Após as denúncias da última semana de direcionamento do vencedor da licitação para ampliação da linha 2 –verde, no trecho do Alto do Ipiranga até Vila Prudente do Metrô na Capital, a bancada do PT na Assembléia Legislativa, por intermédio de seu líder, deputado Roberto Felício, disse que poderá pedir a suspensão da licitação da obra.
O resultado da licitação para a ampliação da linha 2, no valor de mais de R$ 200 milhões, foi antecipado pela agência Folha Online oito horas antes da abertura dos envelopes. A antecipação mostra que a concorrência pode ter sido direcionada, de forma a dar vitória ao consórcio liderado pela Camargo Corrêa.

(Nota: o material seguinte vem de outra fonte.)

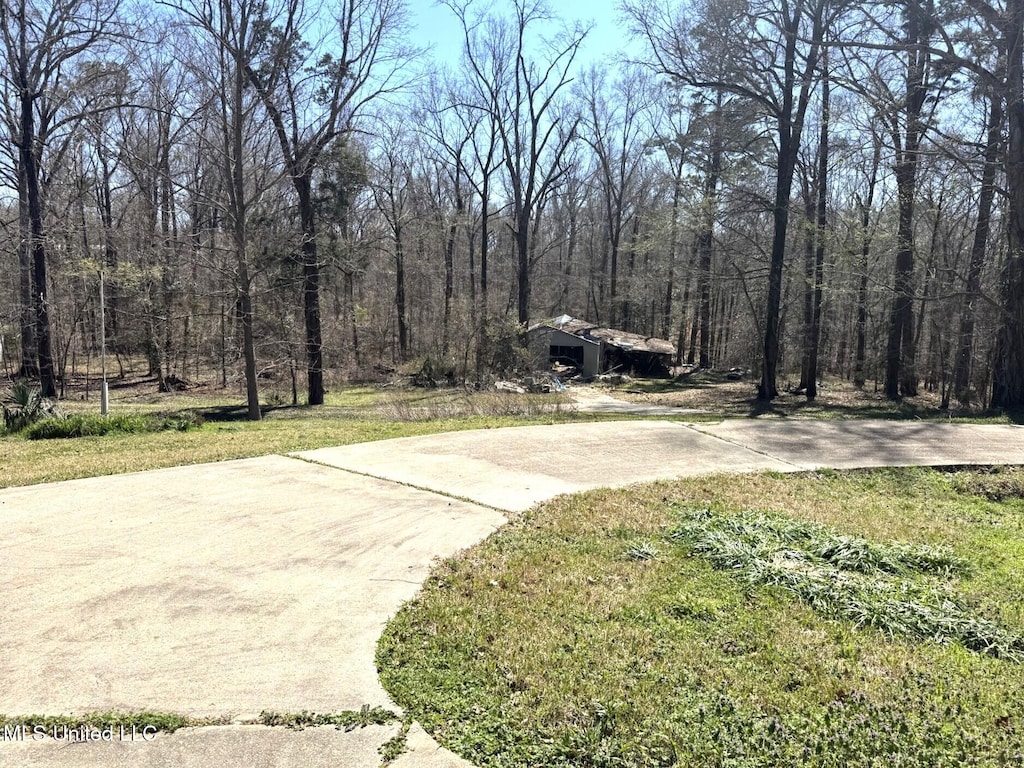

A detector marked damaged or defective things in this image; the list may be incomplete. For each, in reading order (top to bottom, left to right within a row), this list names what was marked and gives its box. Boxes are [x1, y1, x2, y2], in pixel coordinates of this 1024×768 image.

damaged roof [532, 316, 676, 356] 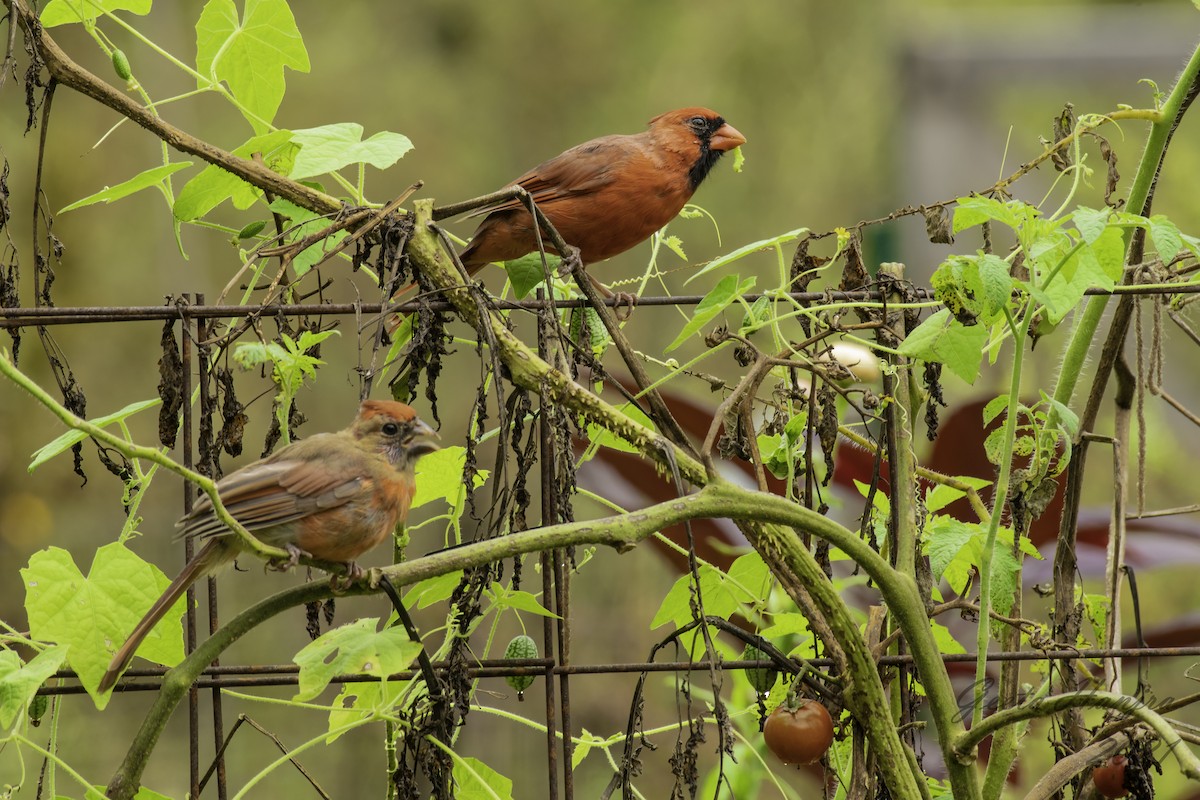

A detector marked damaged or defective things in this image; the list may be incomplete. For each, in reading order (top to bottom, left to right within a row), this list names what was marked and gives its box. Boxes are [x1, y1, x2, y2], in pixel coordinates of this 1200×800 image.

rusty wire trellis [7, 282, 1200, 800] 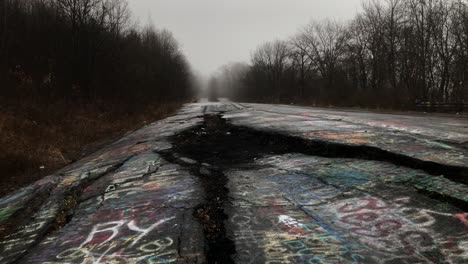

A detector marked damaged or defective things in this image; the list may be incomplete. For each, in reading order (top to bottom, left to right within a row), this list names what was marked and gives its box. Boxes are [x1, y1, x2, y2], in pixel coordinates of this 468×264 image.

cracked asphalt road [0, 102, 468, 262]
dark fissure in road [160, 114, 464, 264]
large crack in pavement [158, 113, 468, 264] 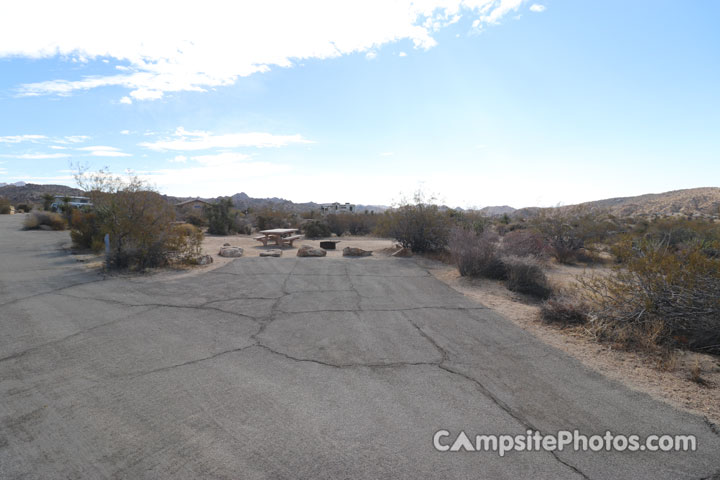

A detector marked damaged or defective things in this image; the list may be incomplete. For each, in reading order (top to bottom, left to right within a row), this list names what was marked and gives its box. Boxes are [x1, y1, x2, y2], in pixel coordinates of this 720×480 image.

cracked asphalt [1, 216, 720, 478]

Roberto Felício disse que a Bancada do PT se reunirá, no próximo dia 2 de setembro, para debater o assunto e poderá pedir a suspensão da licitação. “Não acredito que a Camargo Corrêa tenha sido favorecida gratuitamente”, afirmou o líder do PT. Ele salienta que alguém pode ter sido beneficiado financeiramente ou politicamente. “São coisas que alimentam o caixa da campanha ou contas bancárias pessoais”, disse Felício. O deputado avalia que as irregularidades no metrô começaram na gestão de Mário Covas, mas perduram no governo de José Serra. “O Serra não substituiu os métodos”, afirmou o líder petista.
Para o Metrô, há uma "guerra de liminares e notas na imprensa" que tentam pôr em dúvida a "lisura dos procedimentos da companhia". A empresa atribuiu a antecipação do vencedor a um "tiro no escuro" que se mostrou correto.
O governador José Serra foi enfático ao dizer que: "eu posso assegurar que não houve nenhuma irregularidade ou alocação prévia". Ao ser questionado se o processo licitatório seria suspenso, ele disse: “Não. Só se houver alguma irregularidade comprovada".
Consórcio Camargo Corrêa/Queiroz Galvão venceu a licitação
O consórcio Camargo Corrêa/Queiroz Galvão apresentou a "melhor" proposta - R$ 219,7 milhões para executar a obra, ou seja, 12% acima dos R$ 196 milhões previstos pelo Metrô. A segunda colocada foi a Andrade Gutierrez, que pediu R$ 222,1 milhões. A terceira colocada foi a OAS (R$ 226 milhões). Para excluir quatro das oito empresas que disputavam a licitação, o Metrô usou um parecer técnico da Ieme Brasil, empresa contratada como projetista da 2-Verde. Ela prestou serviço à Camargo Corrêa.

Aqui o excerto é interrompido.